A man in Melbourne walks past a pharmacy offering Moderna and AstraZeneca Covid-19 vaccinations. Australia is set to announce "no jab, no pay" rules for all health workers. Photo / Getty
Australia is set to announce new "no jab, no pay" rules for all health workers in a move that is set to inflame tensions with anti-vaxxers.
The Prime Minister will discuss the issue at Friday's national cabinet amid calls for a national approach to the controversial ban on unvaccinated workers.
News.com.au understands the new national definition will include public hospitals, ambulance services, private hospitals, GPs, private nurse offices and consulting offices.
Even pharmacies and private pathology centres will be covered by the new requirements that all health workers are vaccinated.
The rules will also apply to student nurses and doctors on work experience placements and Defence Department health services.
While some states have already announced vaccine mandates, Victoria, South Australia and the NT are yet to finalise the mandatory vaccination guidelines in their own states for health care workers.
NSW's own deadline for all health workers to be vaccinated with a first dose expired on Thursday and some workers could be stood down from Friday.
Around 94 per cent of NSW health workers have been vaccinated, but over 5000 workers remain unvaccinated.
"It's pretty simple," NSW Health Minister Brad Hazzard said.
"If you don't care enough to get vaccinated and look after your colleagues, if you don't care enough about your patient, you probably shouldn't be in the health system."
In Queensland, Health Minister Yvette D'Ath has warned workers they must get vaccinated as soon as possible.
"We require our health workers to get vaccinated for a range of immunisations,'' she said. "This is about keeping them safe, their work colleagues' safety ... and their own family members," said.

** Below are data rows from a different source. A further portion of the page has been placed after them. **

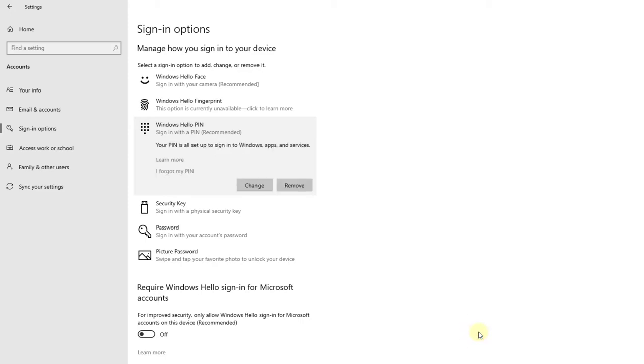Super cool, right? So this is the way you can change your Hello PIN on your Windows 10 PC. That's it! Hope this video is very helpful. Thank you so much, bye!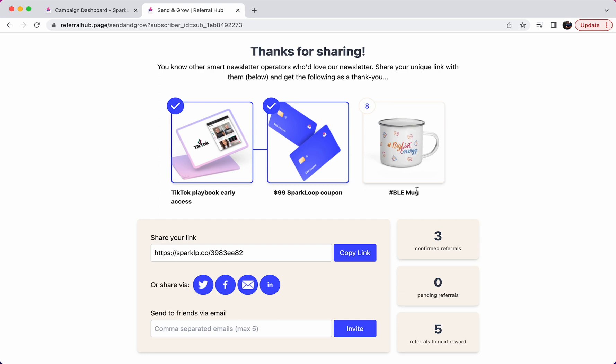So for a quick recap, a referral hub is the place on your website where your subscribers can click through from inside of the newsletter and see a live version of how many referrals they've made, how many pending referrals they have, what rewards they've already won, what rewards they can continue to win, lots of sharing options, the ability to invite friends or colleagues via email and so on.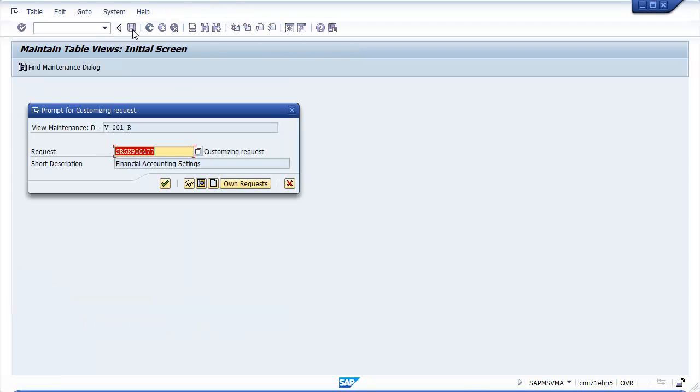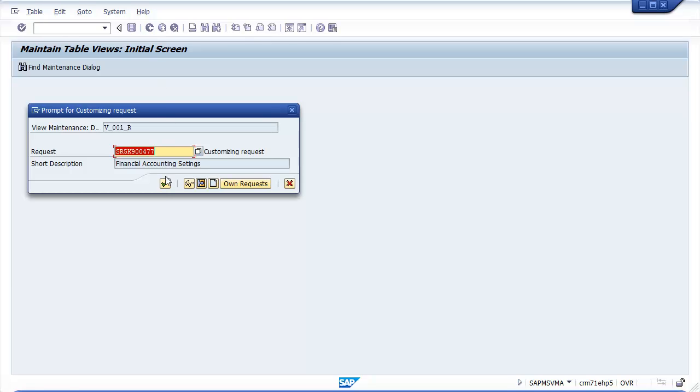Then you are prompted for customizing request. Select request number and save the configured data. Thus posting period variant is assigned to a company code.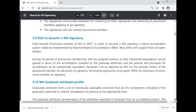Path to become a Washington Accord signatory: India became a provisional member of the WA in 2007. In order to become a WA signatory, a robust accreditation system needs to be implemented by the National Board of Accreditation, New Delhi, with support from all stakeholders. During the period of provisional membership, Washington Accord assigns mentors so that substantial equivalence can be gained in terms of accreditation standards, graduate attributes, and policy and process for accreditation. Reviewers will be deputed by WA signatories for the periodic review of provisional members for admission to signatory status. All existing signatories must agree 100% for the admission of a provisional member as a signatory.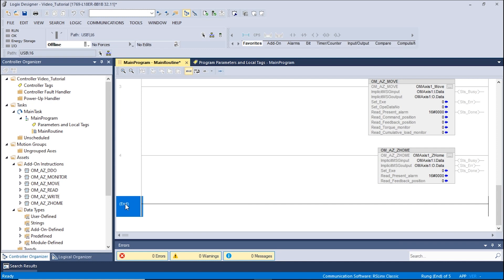The following tutorial is for Allen-Bradley PLCs using the Studio 5000 Logix Designer. This video will show how to use the DDO AOI. The DDO AOI allows the user to change data on the fly.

Nearly one in 10 of Queensland's 115,000 health workers remain unvaccinated.
But the changes are likely to spark tensions after Liberal National MP George Christensen compared mandatory vaccination with slavery and "apartheid" in an online broadcast watched by thousands of anti-vaxxers.
"This is not an anti-vax thing. This is about freedom, and it's about choice, and it's about saying to both governments and corporations, you know what, we might be your employee but we're not your chattel. We're no longer in a slave relationship where you can demand certain things be done with my body," he said.
"That's ridiculous. That's a sort of a view from yesteryear, and the whole rationale for mandating the jab in the workplace, it's not fair. The mandating, no jab no job rules all the rest of the vaccine discrimination and medical apartheid, certain politicians are proposing, it's not borne out by the facts."
Australia's peak doctors group the AMA have been calling for nationally consistent public health orders for mandatory Covid-19 vaccinations for all healthcare workers, including GPs.
"Most health care providers in Australia are small businesses that don't have the time or resources needed to navigate complex work health and safety laws," AMA President Omar Khorshid said.
"We need to make it easier for them to be able to mandate vaccination, which is the best way to protect their staff and patients."
The AMA wants everyone covered - GPs and practice staff, pharmacists, hospital staff, ambulance staff, cooks and cleaners - leaving no exemptions, except for legitimate medical reasons.
"I am confident that most healthcare workers faced with a very clear message from employers and government that they must get vaccinated will go and do the right thing – it's the right thing by their patients because it is not fair for a sick patient to be potentially exposed to Covid because staff refused to do the right thing," Dr Khorshid said.
"The public has an expectation that if they go to a doctor they will be safe and that staff will have been vaccinated."